The modified polyolefin resin films of Comparative Examples 7 to 18 shown in Tables 3 and 5 have problems in any one or more of antifogging property, antistatic property, heat sealability, degree of stickiness, and transparency. As for Reference Examples 1 and 2, there was a problem in film formation stability, and a film for use in other performance evaluations could not be produced.

The modified polyolefin resin films of Examples 19 to 54 shown in Tables 3 and 5 can impart excellent long-term antifogging property and antistatic property without adversely affecting the original transparency, film formation stability, and heat sealability of the polyolefin resin, and without causing stickiness of the film.

Claims

1. A modifying agent for polyolefin resin, comprising an ester compound and a nonionic surfactant, wherein

the mass ratio of the content of the ester compound to the content of the nonionic surfactant is (ester compound)/(nonionic surfactant)=10/90 to 30/70,

the ester compound is at least one selected from the group consisting of partial esters of a dihydric alcohol having 2 to 4 carbon atoms with an aliphatic monocarboxylic acid having 8 to 22 carbon atoms, and

the nonionic surfactant is at least one selected from the group consisting of a partial ester of a tri- to hexahydric alcohol with an aliphatic monocarboxylic acid having 8 to 22 carbon atoms, an ester compound represented by Chemical Formula 1 below, and an ether compound represented by Chemical Formula 2 below. R1—CO—O—R2—OH  [Chemical Formula 1]

(In Chemical Formula 1,

R1 is a hydrocarbon group having 5 to 21 carbon atoms, and

R2 is a residue obtained by removing all hydroxyl groups from a (poly) oxyalkylene glycol having 2 to 200 carbon atoms and having a (poly) oxyalkylene group composed of oxyalkylene units having 2 to 4 carbon atoms in the molecule.) R3—O—R4—OH  [Chemical Formula 2]

(In Chemical Formula 2,

R3 is a hydrocarbon group having 6 to 22 carbon atoms, and

R4 is a residue obtained by removing all hydroxyl groups from a (poly) oxyalkylene glycol having 2 to 200 carbon atoms and having a (poly) oxyalkylene group composed of oxyalkylene units having 2 to 4 carbon atoms in the molecule.)
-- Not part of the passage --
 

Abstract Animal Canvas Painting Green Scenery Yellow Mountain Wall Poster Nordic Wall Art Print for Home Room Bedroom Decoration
2. The modifying agent for polyolefin resin according to claim 1, wherein the ester compound is at least one selected from the group consisting of monoesters of propylene glycol with an aliphatic monocarboxylic acid having 12 to 18 carbon atoms.

3. The modifying agent for polyolefin resin according to claim 1, wherein the nonionic surfactant is at least one selected from the group consisting of partial esters of a polyhydric alcohol represented by Chemical Formula 3 below or sorbitan with an aliphatic monocarboxylic acid having 12 to 18 carbon atoms.
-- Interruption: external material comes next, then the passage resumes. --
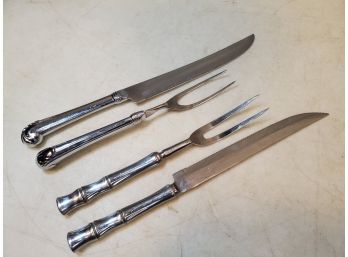 2 Stainless Steel Carving Sets, Knives & Forks, Carvel Hall USA Plain Edge 14'LOA & Other Serrated Edge 13.5'L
HO—(CH2—CHOH—CH2—O—)n—H  [Chemical Formula 3]

(In Chemical Formula 3, n is an integer of 1 to 4.)

4. The modifying agent for polyolefin resin according to claim 1, wherein the ester compound is a monoester of propylene glycol with oleic acid.
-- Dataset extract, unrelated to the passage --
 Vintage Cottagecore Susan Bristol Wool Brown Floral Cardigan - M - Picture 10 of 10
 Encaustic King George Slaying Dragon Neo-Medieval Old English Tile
5. The modifying agent for polyolefin resin according to claim 1, wherein

the ester compound is at least one selected from the group consisting of monoesters of propylene glycol with an aliphatic monocarboxylic acid having 12 to 18 carbon atoms, and

the nonionic surfactant is a partial ester of polyhydric alcohol represented by Chemical Formula 3 with oleic acid.

6. The modifying agent for polyolefin resin according to claim 1, wherein

the ester compound is a monoester of propylene glycol with oleic acid, and

the nonionic surfactant is a partial ester of a polyhydric alcohol represented by Chemical Formula 3 with oleic acid.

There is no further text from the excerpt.